In the PHP code snippet above, we created two HTTP requests with cURL. The first request is a POST request that attempts to authenticate with the server. The second request is a GET request that attempts to access a password-protected page. Obviously, the second request will fail if our first authentication attempt is unsuccessful.

A drilldown of the code:

  1. The USERNAME constant is the username or email address that you use when signing into the website.
  2. The PASSWORD constant is the password that you use when signing in.
  3. The USER_AGENT constant contains a user agent string. Setting a user agent can be extremely important, as certain websites will block you from logging in if they think the request is coming from an automated script.  In the example above, I’ve used a user agent for Chrome. Essentially, I am fooling the site in question into thinking that the request is coming from a browser (spoofing).

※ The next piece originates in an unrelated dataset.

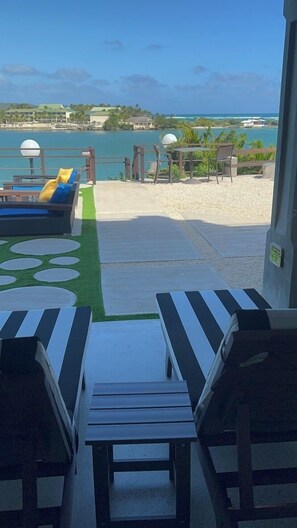 Ein Strandloungebereich mit Liegestühlen und einem kleinen Tisch, mit Blick auf ein klares blaues Meer und eine entfernte Küste mit Gebäuden.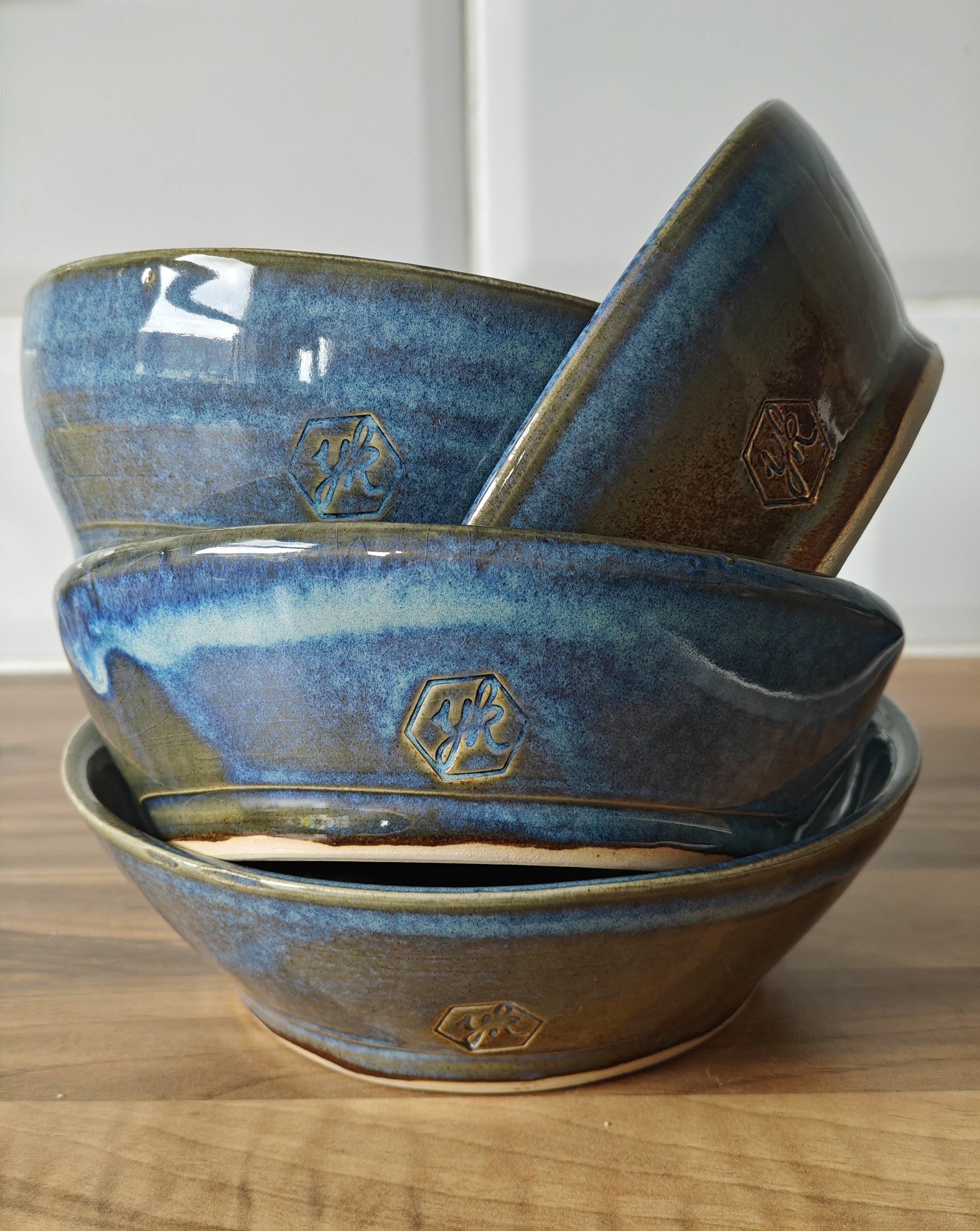 4 blue, handmade ceramic bowls tumble stacked inside each other.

  4. The COOKIE_FILE constant contains the name of our cookie file. Remember that most websites tie their sessions to a session ID, which is typically stored in a cookie file in the user’s browser. We will need to replicate this process if we intend on getting past the login page!
  5. The LOGIN_FORM_URL is a constant that contains the URL of the website’s login form. This can be important, as some websites will check the HTTP referer field. In this case, we want the server to think that we have been redirected by the login form.
  6. The LOGIN_ACTION_URL constant contains the action URL. i.e. The URL of the script that validates the login. Sometimes, this will be the exact same URL as the login form. Check the HTML of the login form in question (and watch the XHR tab in your developer’s console, just in case the login is Ajax-based).
  7. We then construct our $postFields array, which represents the form field names and values that we want to send via POST. You will obviously need to tweak the keys of this array to match the field names of the login form in question.
  8. We initiated cURL; thereby creating a cURL handler.
  9. We set the request URL to the value of our LOGIN_ACTION_URL constant. i.e. We are telling cURL that this is the URL that we want to send a request to.
  10. We set CURLOPT_POST to true because we want to perform a POST request (cURL will send a GET request by default).
  11. We assign our $postFields array to CURLOPT_POSTFIELDS. i.e. “These are the post values that we want to send.”
  12. We prevent any SSL errors by disabling certain SSL verification features.
  13. We tell cURL what the name of our cookie file is.
  14. We set our user agent (see point 3).
  15. We tell cURL that we want it to return the output that is generated after the request has been made.
  16. We spoof the HTTP referer field (see point 5).
  17. We tell cURL that we want to ignore any redirects.
  18. Finally, after setting all of our options, we execute the POST / login request.
  19. We check to see if any cURL errors have occurred.
  20. We change the CURLOPT_URL option to match the URL of the password-protected page that we want to access.
  21. We provide cURL with the name of our cookie file. This is important, as the server will not recognize us as a logged-in user if we forget to supply it.
  22. We set the same user agent. Changing this or leaving it out could prove fatal, as some websites will utilize the user agent field to validate user sessions (if a user agent changes from one request to the next, then there’s probably something funky going on).
  23. Once again, we disable the SSL verification options.
  24. We execute the GET request and print out the result.